A possible mechanism through which HRV influences cardiovascular health is the C-reactive protein (CRP). CRP is a protein produced by the liver as a response to inflammation. Higher CRP levels are associated with a greater risk of CVD. Whether by influencing inflammation or other mechanisms, HRV may be used as a biomarker of cardiac morbidity and mortality as well as CVD progression and future risk complications.
HRV and diabetes
Studies suggest that an impairment of the functioning of the autonomic nervous system functioning, reflected in HRV, occurs during the early stages of diabetes and becomes progressively worse. In one study, HF-HRV, which indicates PNS activity, was lower in diabetics than in controls. It was concluded that frequency-domain measures of HRV are useful when evaluating diabetic autonomic and peripheral neuropathies. In another study, HF-HRV in non-diabetics was greater in those with lower fasting insulin levels. Thus, a relationship between insulin resistance, as indicated by higher fasting insulin levels, and lower HRV was implied. In addition, after a 9-year follow-up, there was a general decline in HRV. Overall, HRV appears to be associated inversely with plasma glucose levels.

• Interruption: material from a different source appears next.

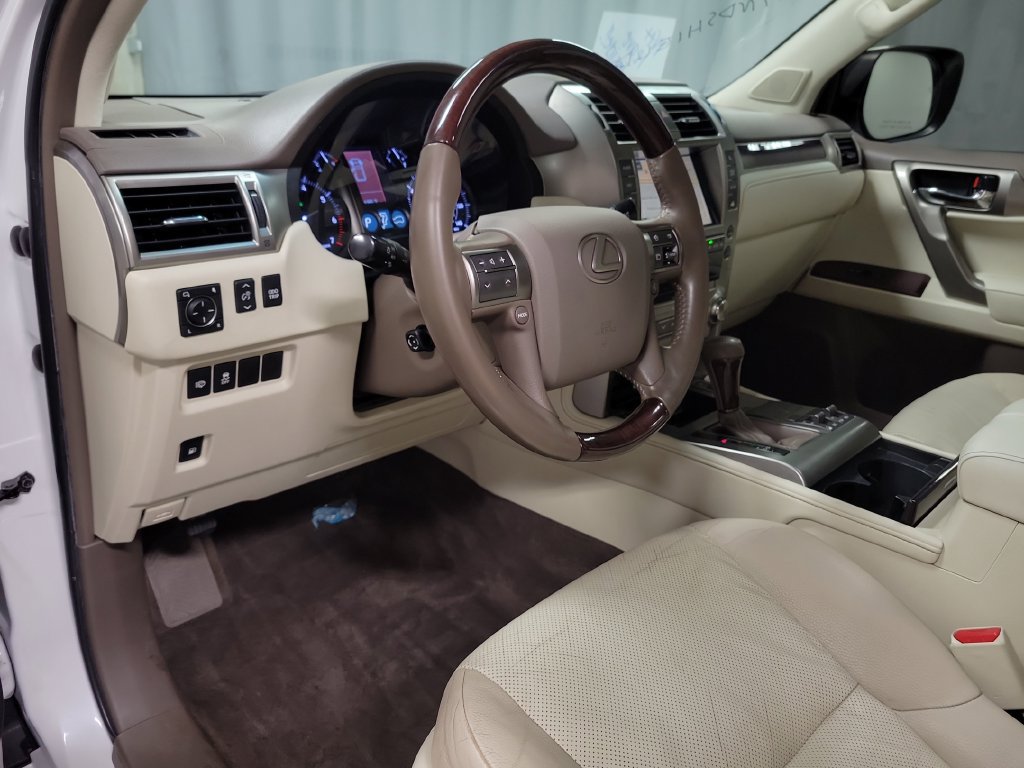 Used 2019 Lexus GX 460 Premium w/ Premium Package AWD/4WD image 16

How HRV is related to weight-related issues,
It seems that obesity can alter HRV. Indeed, several studies have demonstrated an inverse association between weight gain and HRV. Notably, visceral adiposity may have a stronger association with HRV than total body fatness. In a study, an average weight loss of 3.9kg in overweight postmenopausal women was associated with an increased HRV. Also, in subjects who had undergone caloric restriction for an average of seven years, several measures of HRV metrics were significantly higher. Collectively, low cardiorespiratory fitness and higher body fatness are associated with lower HRV, with the former being the stronger determinant. Although adiposity adversely influences HRV, this effect may be reversible with weight loss and/or caloric restriction.

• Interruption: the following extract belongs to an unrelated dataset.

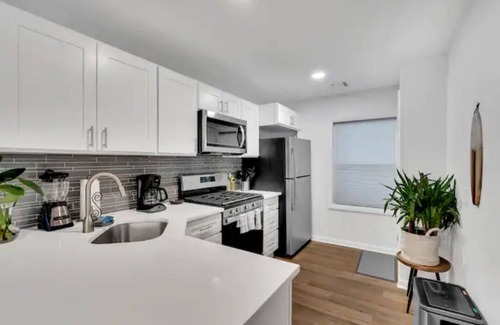 Bradley Beach House | Dreamy Mid-Century 3BR Bungalow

HRV and psychiatric illnesses
A dysfunctional autonomic nervous system, with an associated reduction in HRV, has been found in a wide range of psychiatric disorders, including bipolar disorder, anxiety disorders, post-traumatic stress disorder, and schizophrenia. There is also evidence that HRV indices are reduced in conditions characterized by emotional dysregulation, such as depression. When depressed patients and healthy controls were compared, the former had a lower HRV; it was particularly lower in those with more severe symptoms. Importantly, HRV can predict the onset of psychological illness ten years later. Given the links between HRV, emotion regulation, and executive functioning, it has been proposed that HRV is a biomarker of mental illness.

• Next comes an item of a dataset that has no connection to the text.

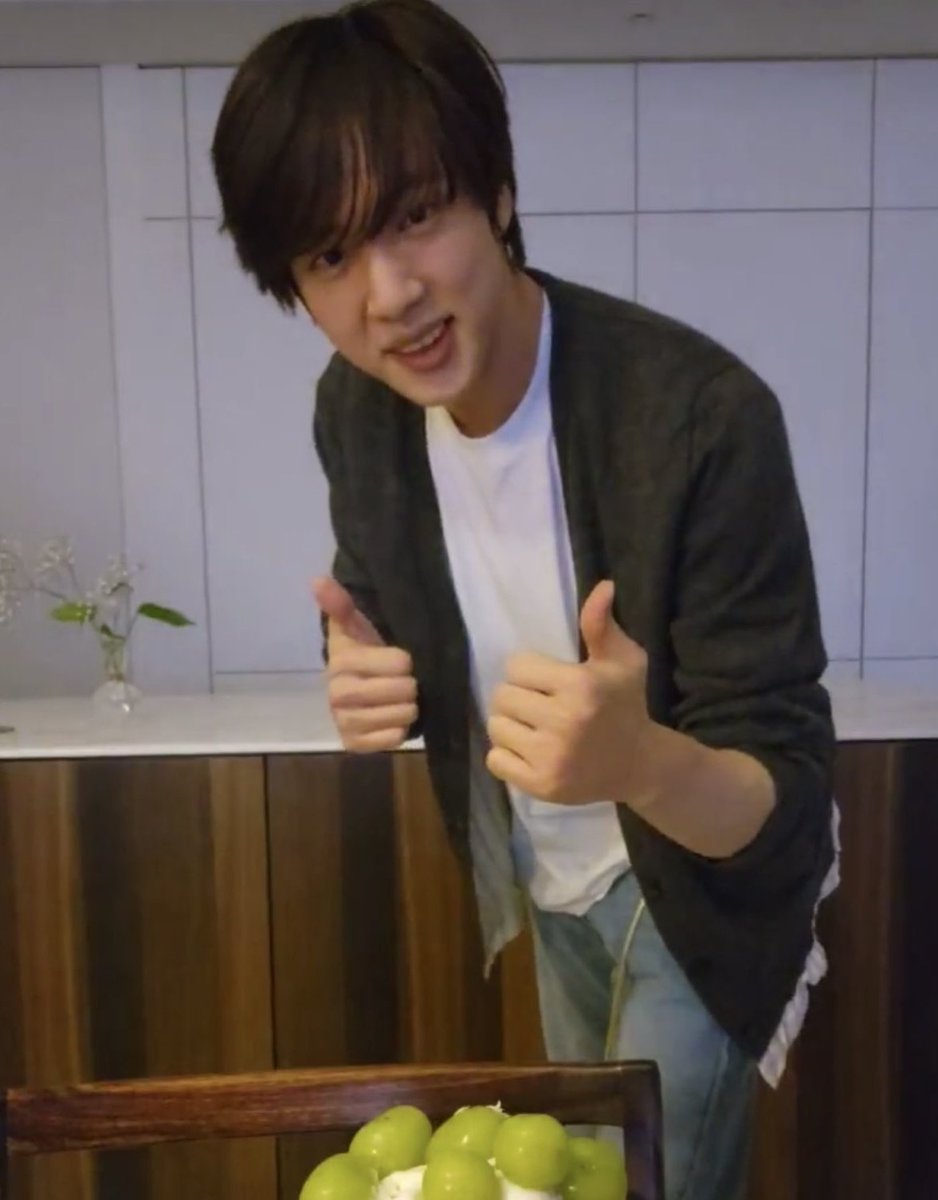 RJSeokjinnie's tweet photo. the laugh                              the reason https://t.co/vjAc7ODwxm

Research suggests HRV as a biomarker in individuals with various clinical conditions, particularly of cardiac etiology, an indicator of health in the general community, as well as a non-invasive tool of autonomic heart rate control during physical and mental challenges. Many modifiable lifestyle factors can beneficially modulate HRV, including physical exercise and diet. Applications and devices measuring HRV are increasingly popular, particularly among athletes, to monitor different aspects of their training, including exercise performance, training adaptations, and recovery.